- [REQUIRED WORK]
Output all of the lines below exactly, and leave out each image.

- [GIVEN DATA]
* * * *
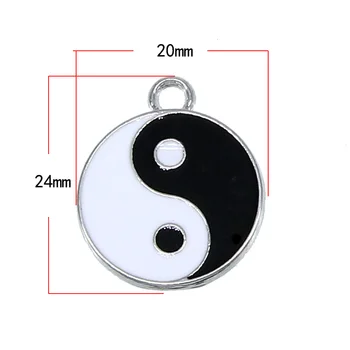 6 bucati / set de fantastic mai buni prieteni rotund yin și yang colier Tai Chi bârfă pandantiv cuplu DIY colier accesorii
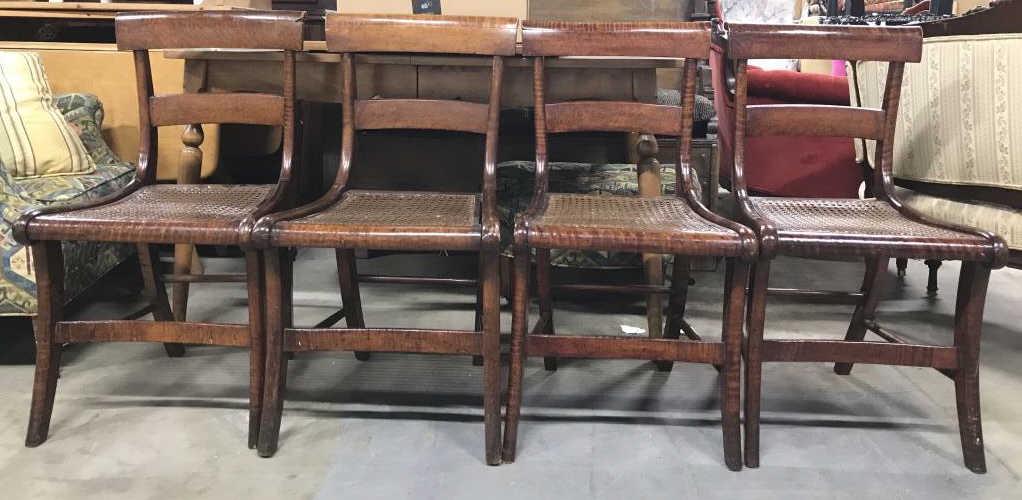 Set 4 Vintage Carved Wooden Caned Side Chairs: Side chairs are vintage. Each chair is wooden with Caned seats. Chairs have stretchers between legs. Each measures approx 32 inches tall 17 inches wide 19 inches deep. Side Chairs, dining chairs, wood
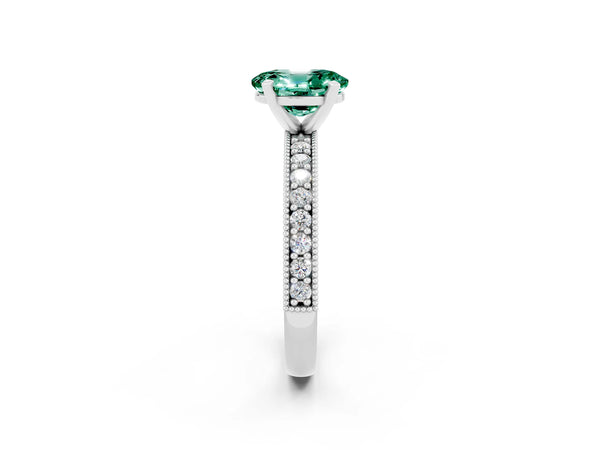 Silver Oval Cut Green Sapphire Milgrain Pavé Engagement Ring with Four-Prong Setting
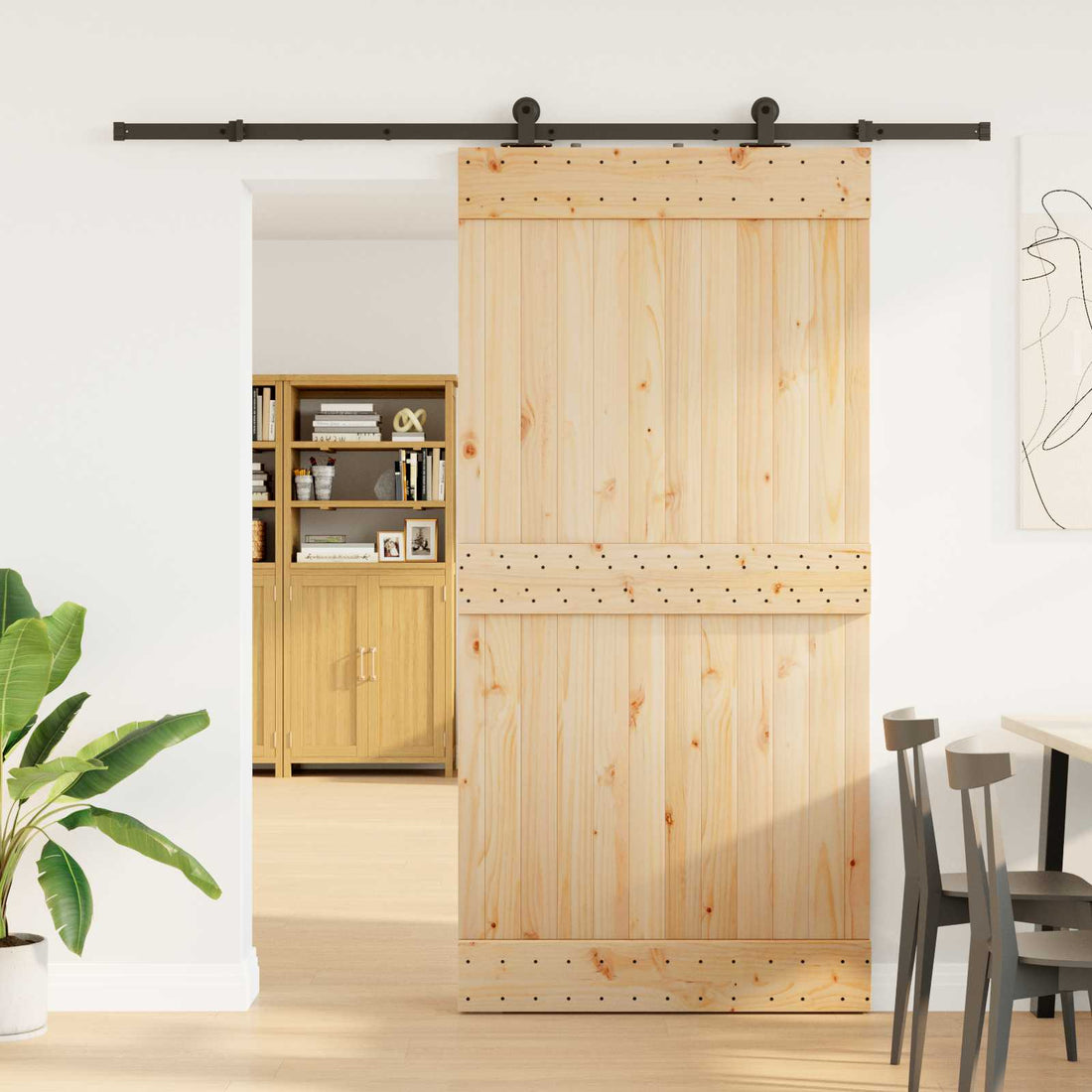 vidaXL Puerta Corredera NARVIK Natural y negro 100 x 210 cm (213,5 cm)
* * * *
- [TASK RESULT]
 6 bucati / set de fantastic mai buni prieteni rotund yin și yang colier Tai Chi bârfă pandantiv cuplu DIY colier accesorii
 Set 4 Vintage Carved Wooden Caned Side Chairs: Side chairs are vintage. Each chair is wooden with Caned seats. Chairs have stretchers between legs. Each measures approx 32 inches tall 17 inches wide 19 inches deep. Side Chairs, dining chairs, wood
 Silver Oval Cut Green Sapphire Milgrain Pavé Engagement Ring with Four-Prong Setting
 vidaXL Puerta Corredera NARVIK Natural y negro 100 x 210 cm (213,5 cm)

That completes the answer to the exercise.